Original UTS namespace nodename: XT
New UTS namespace nodename: XT
Changing nodename inside new UTS namespace
New UTS namespace nodename: GLaDOS
Original UTS namespace nodename: XT

Here, child_fn() prints the nodename, changes it to something else, and prints it again. Naturally, the change happens only inside the new UTS namespace.

More information on what all of the namespaces provide and isolate can be found in the tutorial here

Cross-Namespace Communication

Often it is necessary to establish some sort of communication between the parent and the child namespace. This might be for doing configuration work within an isolated environment, or it can simply be to retain the ability to peek into the condition of that environment from outside. One way of doing that is to keep an SSH daemon running within that environment. You can have a separate SSH daemon inside each network namespace. However, having multiple SSH daemons running uses a lot of valuable resources like memory. This is where having a special “init” process proves to be a good idea again.

The “init” process can establish a communication channel between the parent namespace and the child namespace. This channel can be based on UNIX sockets or can even use TCP. To create a UNIX socket that spans two different mount namespaces, you need to first create the child process, then create the UNIX socket, and then isolate the child into a separate mount namespace. But how can we create the process first, and isolate it later? Linux provides unshare(). This special system call allows a process to isolate itself from the original namespace, instead of having the parent isolate the child in the first place. For example, the following code has the exact same effect as the code previously mentioned in the network namespace section:

#define _GNU_SOURCE
#include <sched.h>
#include <stdio.h>
#include <stdlib.h>
#include <sys/wait.h>
#include <unistd.h>


static char child_stack[1048576];

static int child_fn() {
  // calling unshare() from inside the init process lets you create a new namespace after a new process has been spawned
  unshare(CLONE_NEWNET);

  printf("New `net` Namespace:\n");
  system("ip link");
  printf("\n\n");
  return 0;
}

int main() {
  printf("Original `net` Namespace:\n");
  system("ip link");
  printf("\n\n");

  pid_t child_pid = clone(child_fn, child_stack+1048576, CLONE_NEWPID | SIGCHLD, NULL);

  waitpid(child_pid, NULL, 0);
  return 0;
}

And since the “init” process is something you have devised, you can make it do all the necessary work first, and then isolate itself from the rest of the system before executing the target child.

Conclusion

This tutorial is just an overview of how to use namespaces in Linux. It should give you a basic idea of how a Linux developer might start to implement system isolation, an integral part of the architecture of tools like Docker or Linux Containers. In most cases, it would be best to simply use one of these existing tools, which are already well-known and tested.

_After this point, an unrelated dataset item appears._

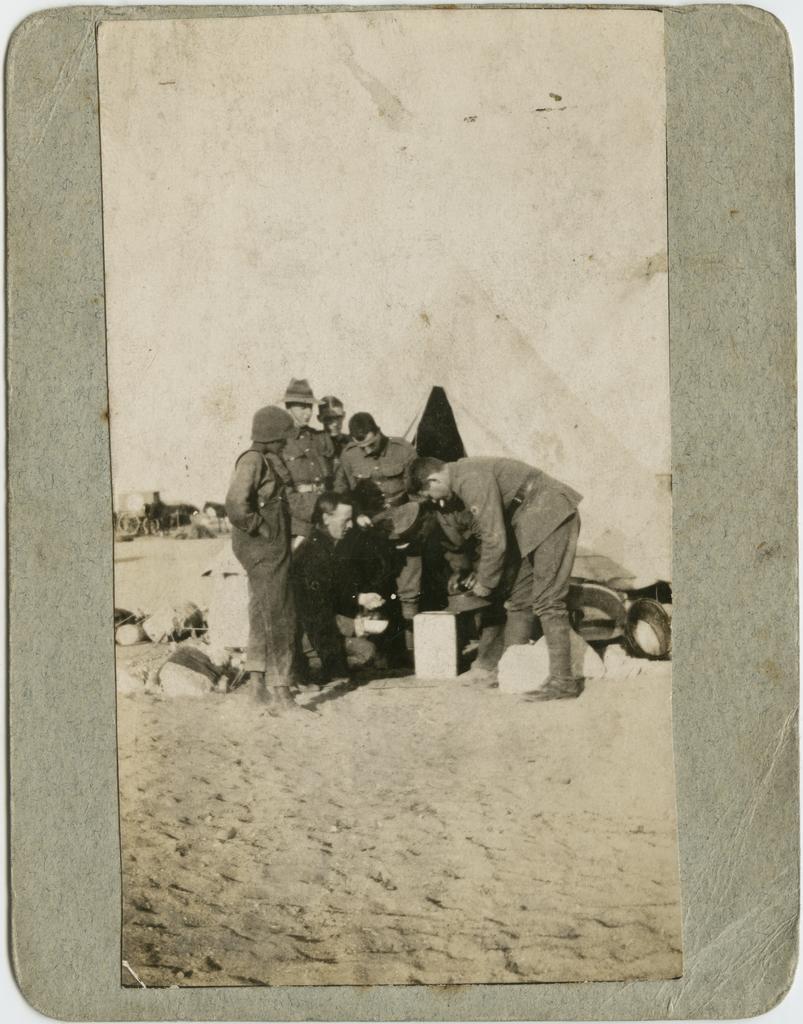 'Buying tomatoes in Egypt. We bought some. Very nice &amp; very cheap'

But in some cases, it might make sense to have your very own, customized process isolation mechanism, and in that case, this namespace tutorial will help you out tremendously.

There is a lot more going on under the hood than I’ve covered in this article, and there are more ways you might want to limit your target processes for added safety and isolation. But, hopefully, this can serve as a useful starting point for someone who is interested in knowing more about how namespace isolation with Linux really works.